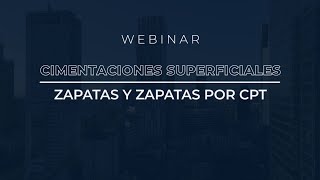 Cimentaciones Superficiales Zapatas y Zapatas por CPT 2024  Webinars Gratuitos  ICC Ingeniería [upl. by Ytisahcal99]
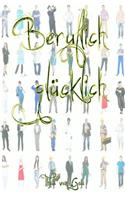 Beruflich gluecklich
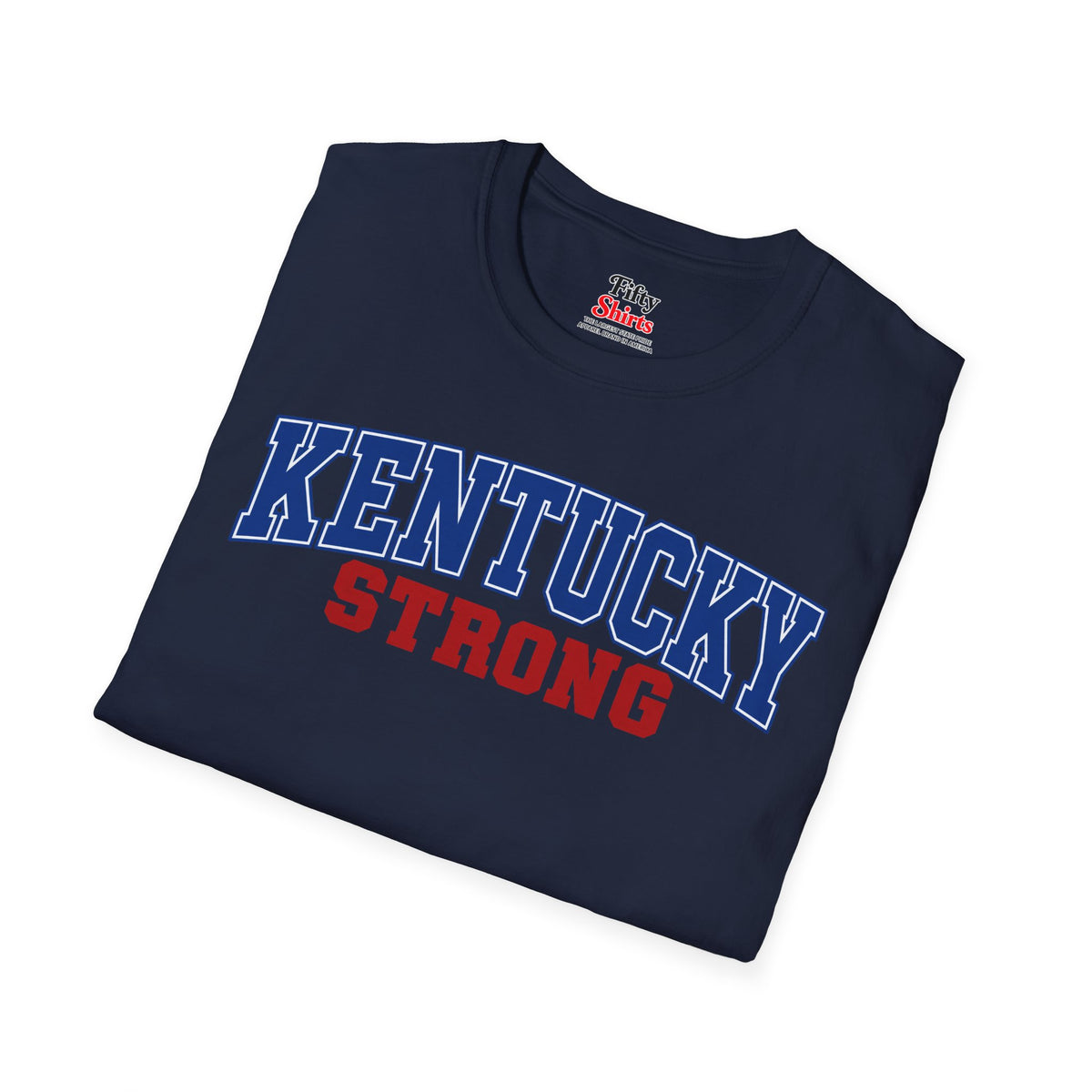 Kentucky Strong Unisex Softstyle T Shirt State Name Graphic Tee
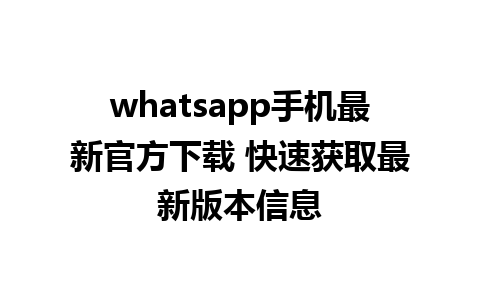 whatsapp手机最新官方下载 快速获取最新版本信息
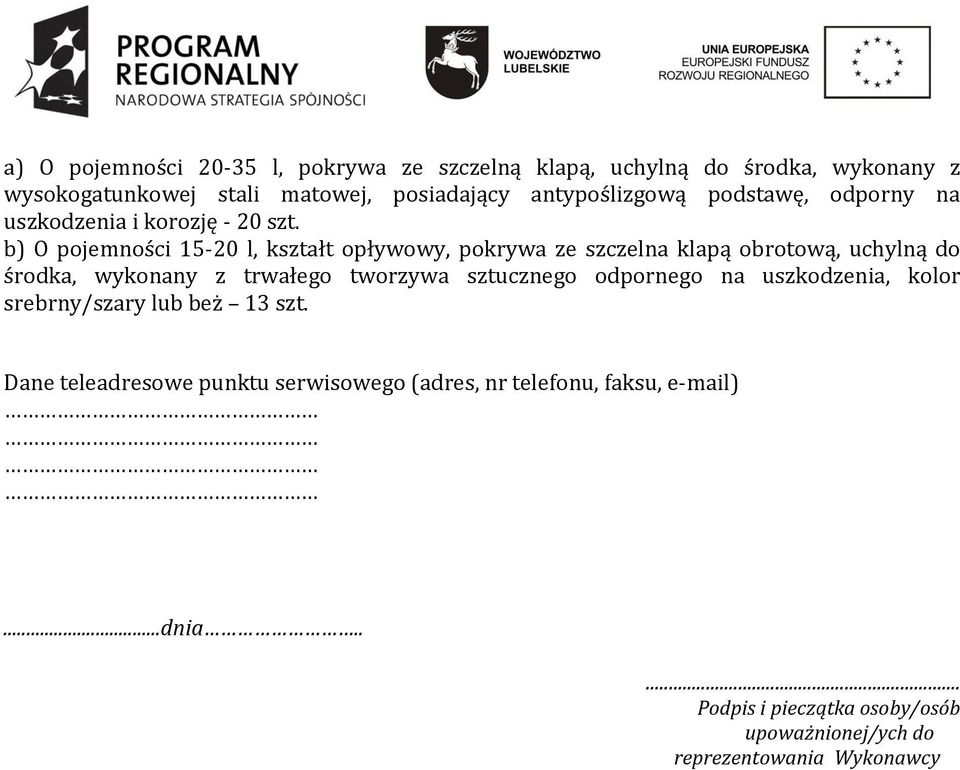 b) O pojemności 15-20 l, kształt opływowy, pokrywa ze szczelna klapą obrotową, uchylną do środka, wykonany z trwałego tworzywa sztucznego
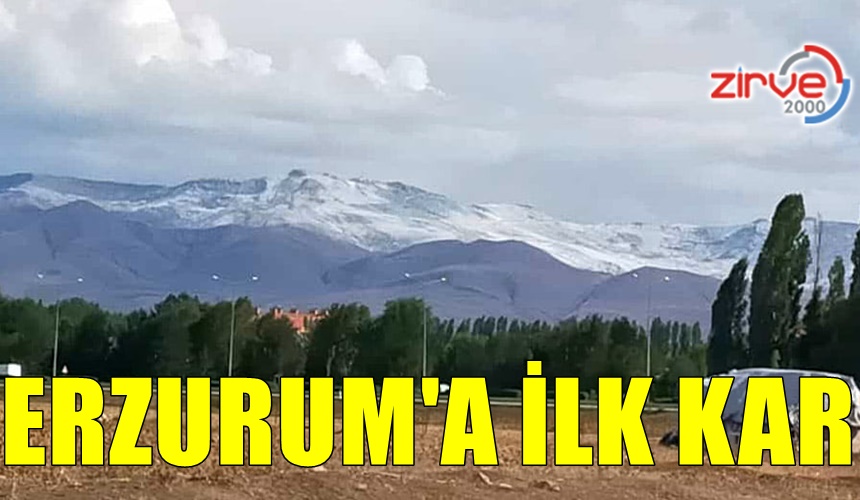 Erzurum’a mevsimin ilk karı Eylül ayında düştü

####

* [WHAT YOU WILL DO]: Transcribe the records above exactly, skipping pictures.

* [ANSWER TO THIS TASK]:
 Cimentaciones Superficiales Zapatas y Zapatas por CPT 2024  Webinars Gratuitos  ICC Ingeniería [upl. by Ytisahcal99]
 Beruflich gluecklich
 Kentucky Strong Unisex Softstyle T Shirt State Name Graphic Tee
 whatsapp手机最新官方下载 快速获取最新版本信息
 b) O pojemności 15-20 l, kształt opływowy, pokrywa ze szczelna klapą obrotową, uchylną do środka, wykonany z trwałego tworzywa sztucznego
 Erzurum’a mevsimin ilk karı Eylül ayında düştü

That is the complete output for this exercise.